Das Bundesamt ist nicht verpflichtet, den Asylantrag des Antragstellers trotz der alleinigen Zuständigkeit der Schweiz gemäß Art. 3 Abs. 2 Dublin-II-Verordnung (entspricht Art. 17 Abs. 1 Dublin-III-Verordnung) selbst inhaltlich zu prüfen.

1.2.1

Das in der Dublin-II-Verordnung und in weiteren Rechtsakten geregelte Gemeinsame Europäische Asylsystem beruht auf der Überzeugung und dem gegenseitigen Vertrauen darauf, dass alle daran beteiligten Staaten die Grundrechte einschließlich der Rechte beachten, die sich aus dem Abkommen vom 28. Juli 1951 und dem Protokoll vom 31. Januar 1967 über die Rechtsstellung der Flüchtlinge (Genfer Flüchtlingskonvention) sowie der Konvention zum Schutz der Menschenrechte und Grundfreiheiten (EMRK) ergeben. Auf der Grundlage dieses Prinzips des gegenseitigen Vertrauens hat der Unionsgesetzgeber die Dublin-II-Verordnung erlassen und weitere Übereinkommen geschlossen, um die Behandlung der Asylanträge zu rationalisieren und zu verhindern, dass das Gemeinsame Europäische Asylsystem nicht dadurch ins Stocken gerät, dass die staatlichen (europäischen) Behörden mehrere Anträge desselben Antragstellers bearbeiten müssen.
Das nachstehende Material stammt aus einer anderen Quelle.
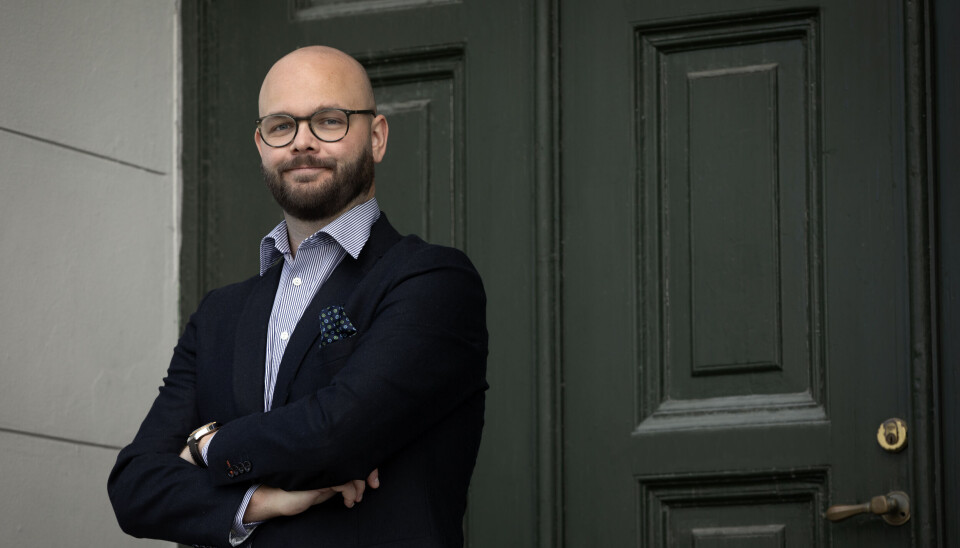 Forhandlingssjef i Norsk Radiografforbund Carl Christian Grue Solberg.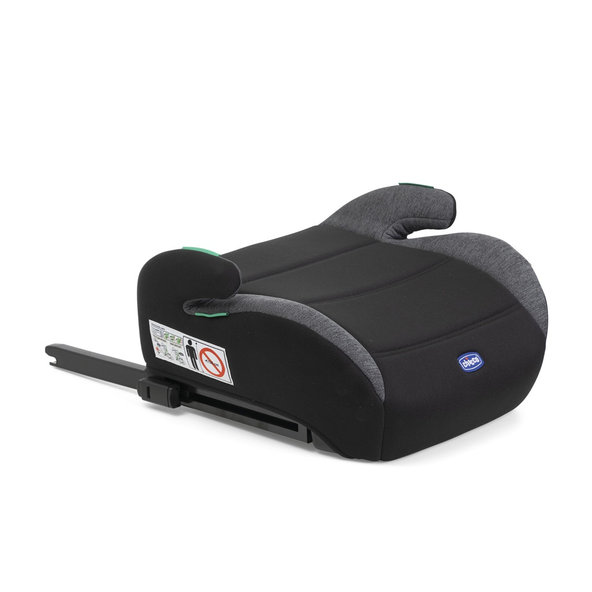 Chicco podsedák Quasar Fix i-Size 125–150 cm Obsidian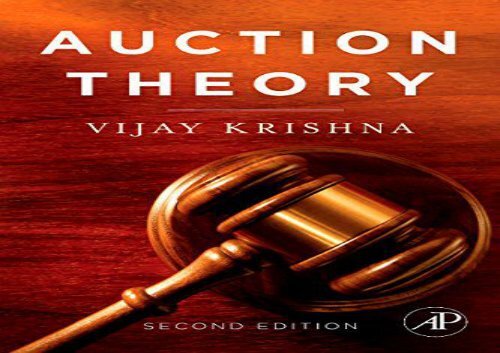 [+][PDF] TOP TREND Auction Theory  [READ] 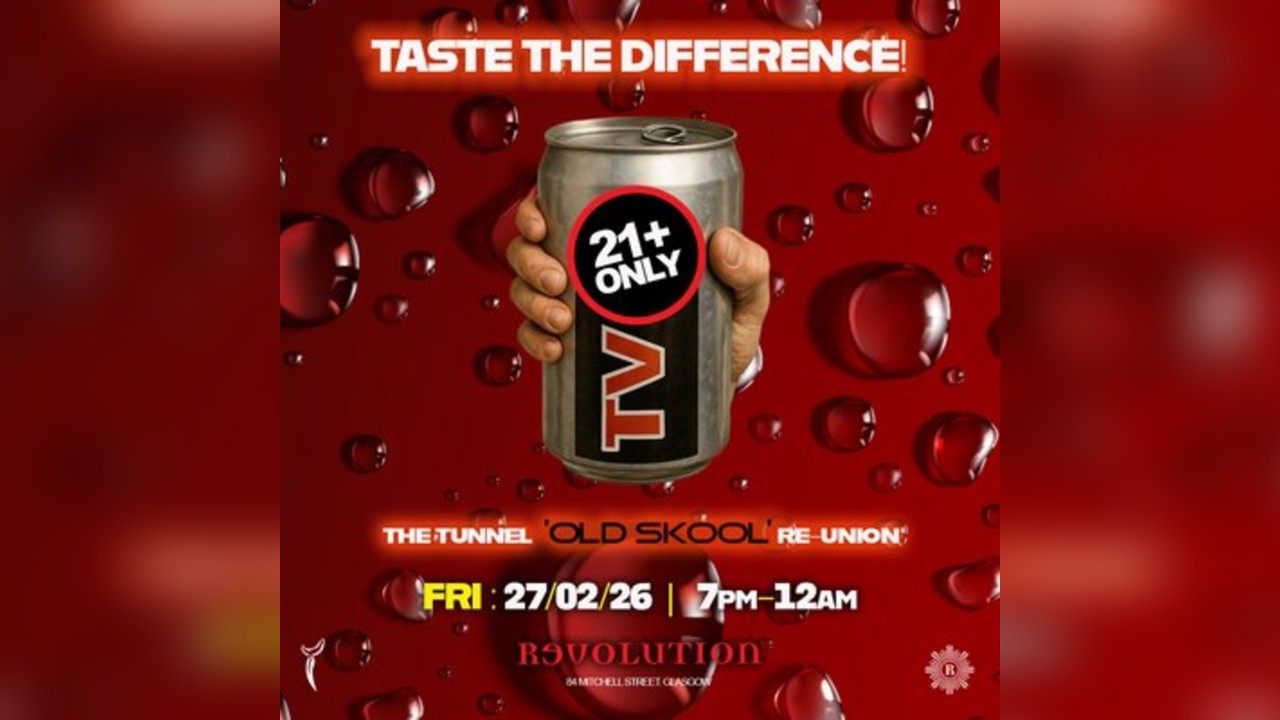 The Tunnel 'OLD SKOOL' Re-Union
Darüber hinaus soll verhindert werden, dass nebeneinander bestehende Zuständigkeiten um bestimmter rechtlicher oder tatsächlicher Vorteile willen (systematisch) ausgenutzt werden. Unter diesen Bedingungen muss die Vermutung gelten, dass die Behandlung der Asylbewerber in jedem europäischen Mitgliedstaat im Einklang mit den Erfordernissen der Charta der Grundrechte der Europäischen Union vom 14. Dezember 2007 (Abl. C 303, S. 1), der Genfer Flüchtlingskonvention und der EMRK steht. Diese Vermutung ist allerdings nicht unumstößlich. Es obliegt deshalb den Mitgliedstaaten, einen Asylbewerber nicht an den „zuständigen Mitgliedstaat“ im Sinn der Dublin-II-Verordnung zu überstellen, wenn ihnen nicht unbekannt sein kann, dass das Asylverfahren und die Aufnahmebedingungen in diesem Staat systemische Mängel aufweisen, die ernsthafte und durch Tatsachen bestätigte Gründe für die Annahme darstellen, dass der Antragsteller tatsächlich Gefahr läuft, einer unmenschlichen oder erniedrigenden Behandlung im Sinn des Art. 3 EMRK ausgesetzt zu werden (vgl. EuGH, U.v. 21.12.2011- C-411/10 u. C-493/10 - NVwZ 2012, 417/419 f. und U.v. 14.11.2013 - C-4/11 - NVwZ 2014, 129/130). Davon ist auszugehen, wenn das Asylverfahren und/oder die Aufnahmebedingungen im zuständigen Mitgliedstaat aufgrund größerer Funktionsstörungen regelhaft so defizitär sind, dass anzunehmen ist, auch dem Asylbewerber im konkret zu entscheidenden Fall werde mit beachtlicher Wahrscheinlichkeit eine unmenschliche oder erniedrigende Behandlung drohen (vgl. BVerwG, B.v. 19.3.2014 - 10 B 6/14 - juris).

1.2.2

Nach diesem Maßstab gibt es keine durch Tatsachen bestätigte Gründe, die ernsthaft befürchten ließen, dass das Asylverfahren und/oder die Aufnahmebedingungen in der Schweiz solche systemischen Mängel aufweisen (vgl. auch VG Schwerin, B.v. 10.3.2014 - 3 B 215/14 As - juris). Das Vorbringen des Antragstellers ist unabhängig von der Frage der Glaubhaftigkeit auf seinen Einzelfall bezogen und damit schon im Ansatz nicht geeignet, ein regelhaft defizitäres Asylverfahren bzw. derartige Aufnahmebedingungen zu belegen.

1.2.3

Einen Selbsteintritt nach Art. 3 Abs. 2 Dublin-II-Verordnung hat das Bundesamt im angegriffenen Bescheid mit der ausreichenden Erwägung abgelehnt, außergewöhnliche humanitäre Gründe seien insoweit nicht ersichtlich.

1.3

Ein konkreter Anhalt dafür, dass die Abschiebung aus sonstigen rechtlichen oder aus tatsächlich Gründen nicht möglich ist, ergibt sich weder aus dem Vorbringen des Antragstellers noch sind solche sonst ersichtlich. Insbesondere ist die Frist von sechs Monaten zur Überstellung des Klägers in die Schweiz unabhängig von der aufschiebenden Wirkung seines Eilantrags (§ 34 a Abs. 2 Satz 2 AsylVfG, Art. 19 Abs. 3 Satz 1 Dublin-II-Verordnung) noch nicht abgelaufen.

2.

Die Kostenentscheidung folgt aus § 154 Abs. 1 VwGO und § 83 b AsylVfG.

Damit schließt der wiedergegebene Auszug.